» **Task brief**
Copy, exactly as written, the lines that begin at the one containing "A 3D render" and end at the one containing "Flickor Stitch Prinsessklänning". Skip any pictures in the data below.

» **Records to use**
┏━━
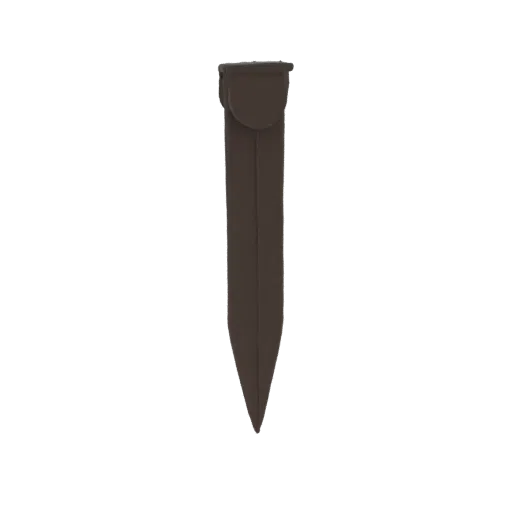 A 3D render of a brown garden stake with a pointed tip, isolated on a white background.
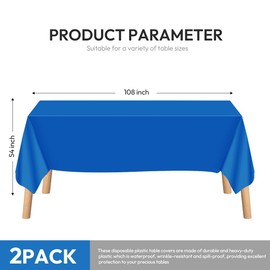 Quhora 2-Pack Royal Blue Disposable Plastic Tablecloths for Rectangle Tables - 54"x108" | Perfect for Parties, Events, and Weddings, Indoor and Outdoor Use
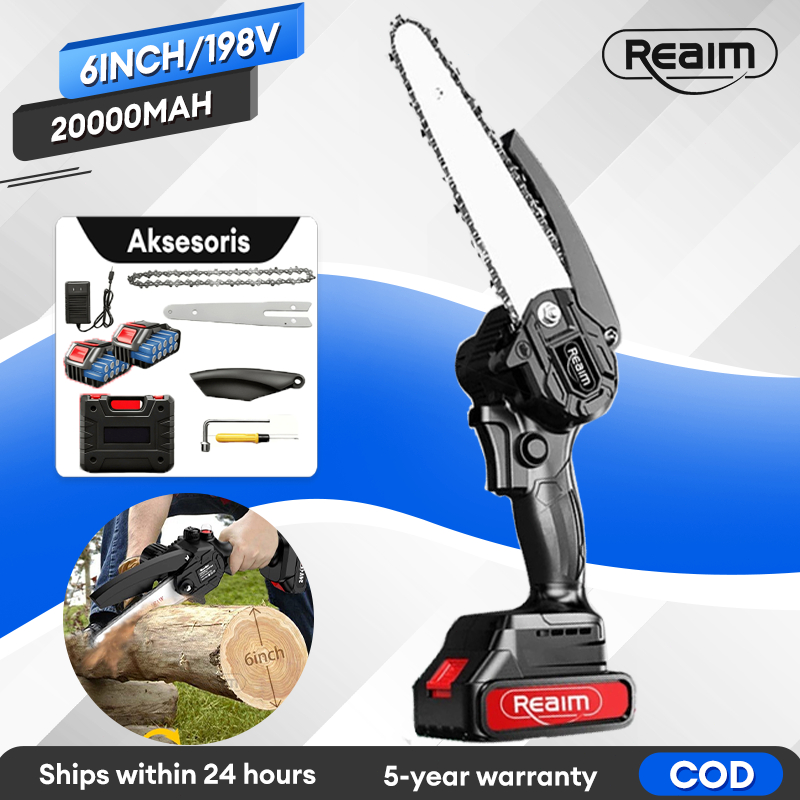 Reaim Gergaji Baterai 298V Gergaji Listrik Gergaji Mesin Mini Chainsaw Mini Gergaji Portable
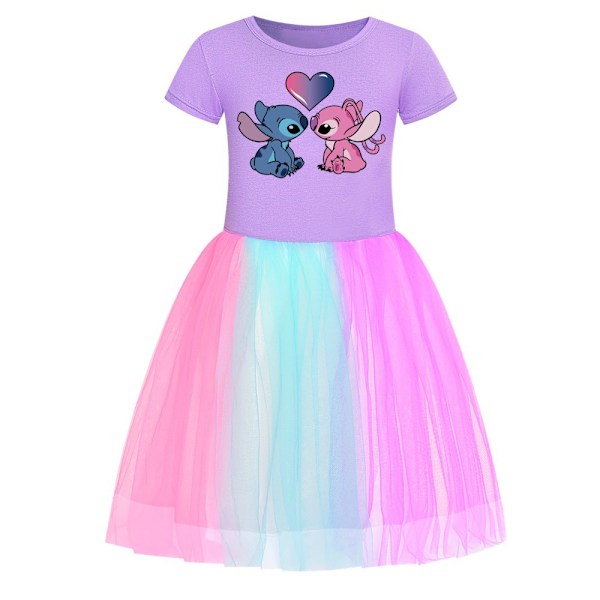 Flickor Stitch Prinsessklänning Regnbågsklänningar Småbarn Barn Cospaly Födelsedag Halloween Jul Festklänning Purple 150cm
┗━━
┏━━
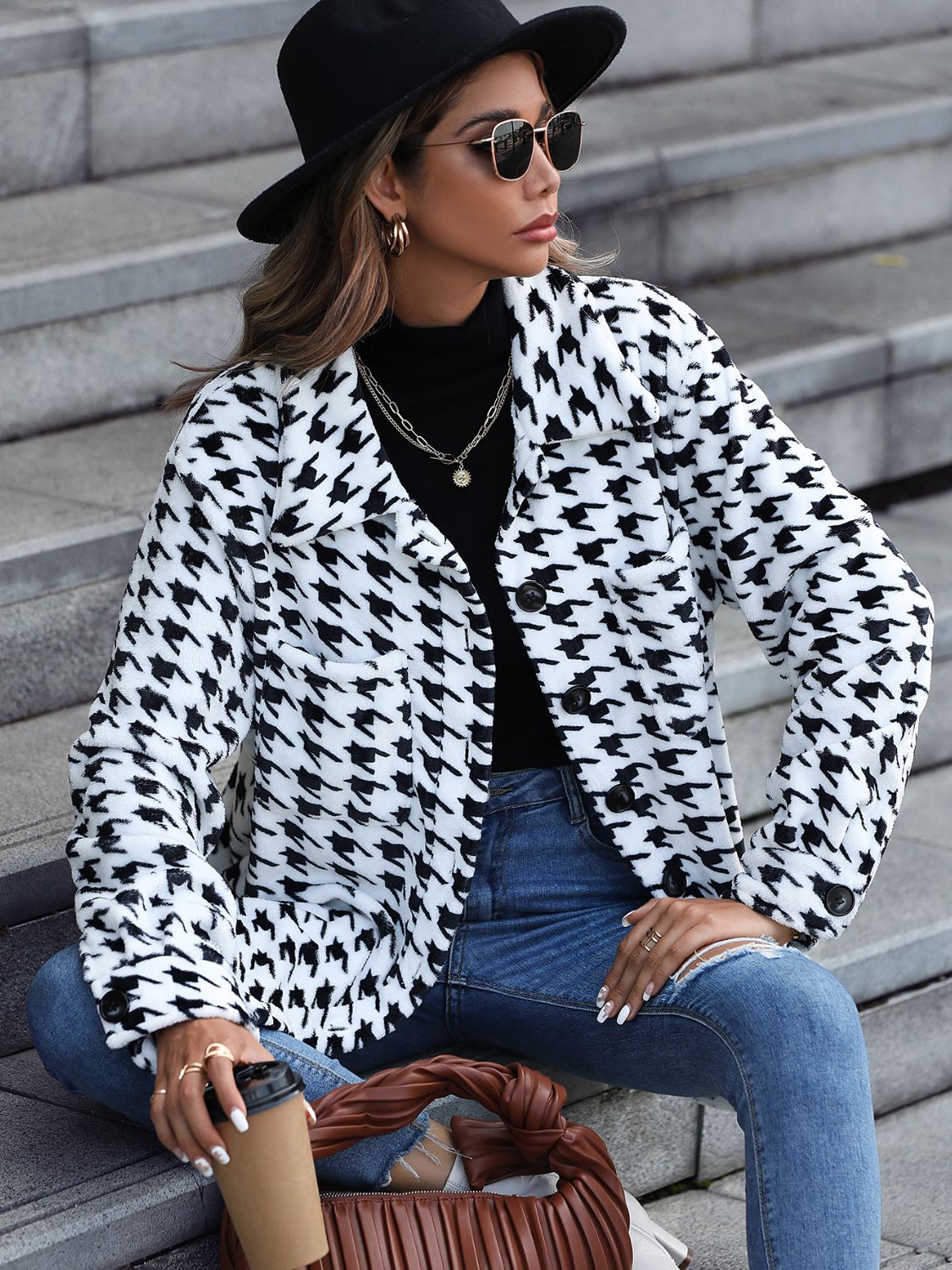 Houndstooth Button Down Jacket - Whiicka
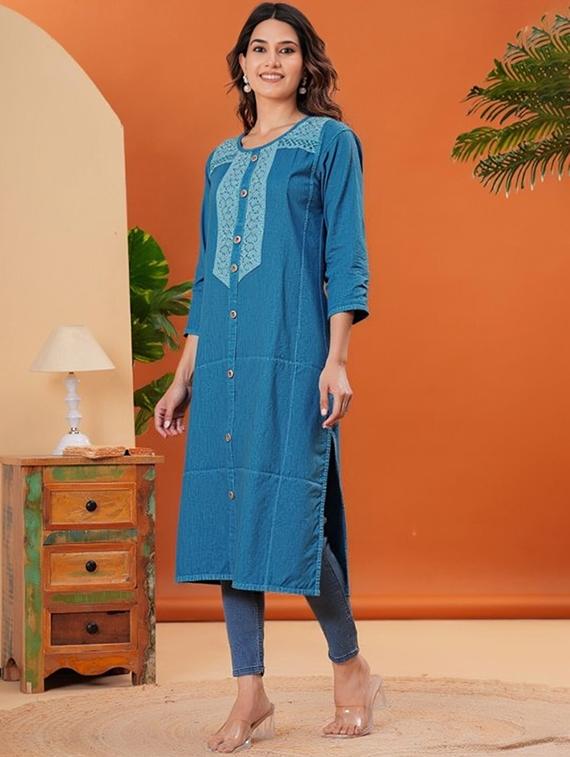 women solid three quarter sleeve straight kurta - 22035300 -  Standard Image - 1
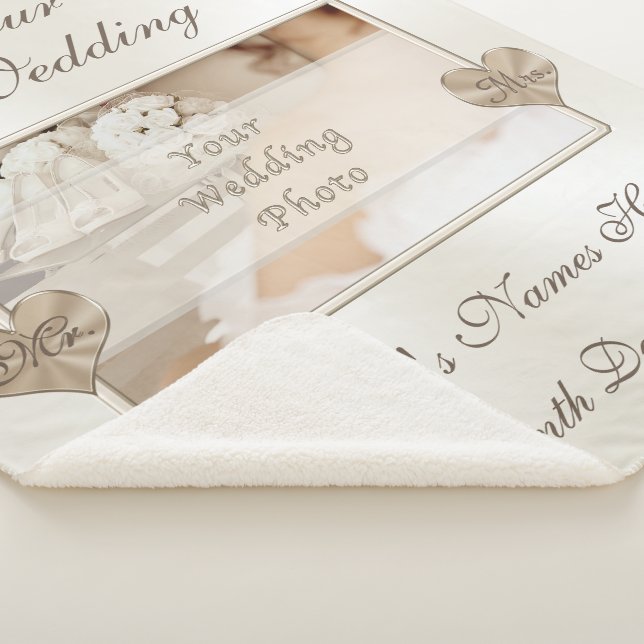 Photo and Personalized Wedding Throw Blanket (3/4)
┗━━
» **Problem solution**
 A 3D render of a brown garden stake with a pointed tip, isolated on a white background.
 Quhora 2-Pack Royal Blue Disposable Plastic Tablecloths for Rectangle Tables - 54"x108" | Perfect for Parties, Events, and Weddings, Indoor and Outdoor Use
 Reaim Gergaji Baterai 298V Gergaji Listrik Gergaji Mesin Mini Chainsaw Mini Gergaji Portable
 Flickor Stitch Prinsessklänning Regnbågsklänningar Småbarn Barn Cospaly Födelsedag Halloween Jul Festklänning Purple 150cm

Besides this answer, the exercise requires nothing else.